Gagliano: I have many years of paying bills–
Judson: I have more years.
It was a brutal defeat. But here’s the thing: George has all that going for him, right? Perfect payment record, long credit history. And he still scored an 820. FICO’s top score is 850.
So is it even possible to get that score? Is Fico’s 850 the fiscal version of that A+ my college logic professor said he was never going to give out? Because I hated that guy!
JORDAN GOODMAN: I think 850s do exist.
That’s not my college logic professor, that’s credit expert Jordan Goodman.
GOODMAN: They’re very rare, becoming more and more rare as the economy slides down.
Gagliano: Are you sure that they exist or is this just, like, your hunch?
GOODMAN: I have met people who say they’ve got 850, but I’ve never actually confirmed it — it’s not the kind of thing you normally show somebody.
Gagliano: For a second opinion, I asked Greg McBride of Bankrate.com.
Greg McBride: Now if your credit score is above 760, you’re already qualifying for the very best rate, so obsessing about pushing it even higher is largely a waste of time.
Gagliano: But that’s not my questions, Greg! Is that 850 out there? Can I win the FICO game?
MCBRIDE: I don’t think attaining the perfect credit score is possible.
Gagliano: Really? You don’t think anybody has an 850.
MCBRIDE: FICO is the party to ask.
So I did. I went to Oz and I spoke to the wizard. Or at least the wizard’s spokesman: FICO’s PR director Craig Watts.
Craig Watts: In rare circumstances it is possible to get a FICO score of 850.
That’s the good news. Here’s the bad:
Watts: For a broad section of the population, it probably isn’t possible, even if they do everything right.
That’s because there’s not one formula for calculating your FICO score. There are ten. Each is a “scorecard,” that gives different items in your credit history slightly different weight. Your scorecard depends on where you are in your economic life.
Watts: For example, if you are college student, you’re brand new to credit. The FICO formula is only comparing you to other people who also have very short credit histories.
There’s a scorecard for people who’ve been through, say, bankruptcy — they may be printing extras of those these days.
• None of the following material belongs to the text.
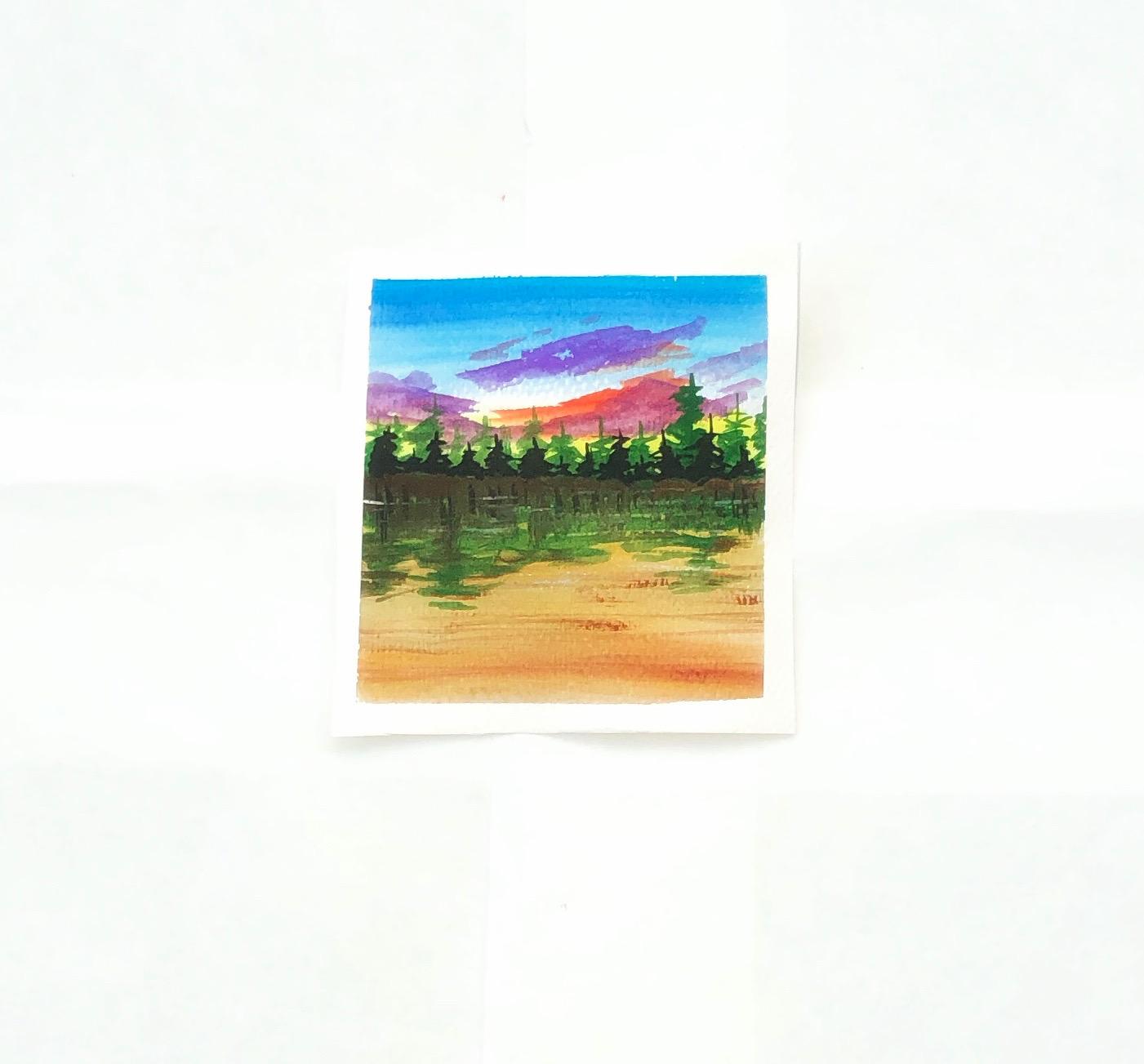 Gouache challenge - image 23 - student project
But here’s the point: every scorecard has its own score range. If your scorecard’s top range isn’t 850? You can’t get an 850, period. Now, what scorecard applies to you, or when you’ll move out of one and into another? That’s a secret. All Watts would tell me is how to get the best score possible.
Watts: Pay everybody on time, keep your account balances low on credit cards, take on new credit obligations sparingly, and then continue managing credit for a long time. Typically people who score in the mid-800s have been managing credit for at least a couple of decades.
Gagliano: So, be a financial rock star, and become old.
Watts: Yeah, be the Mick Jagger of the credit world!
You hear that, George Judson? Yeah, you with your 820 FICO score? Rematch in ten years, buddy. Bring your game face.
In Los Angeles, I’m Rico Gagliano for Marketplace Money.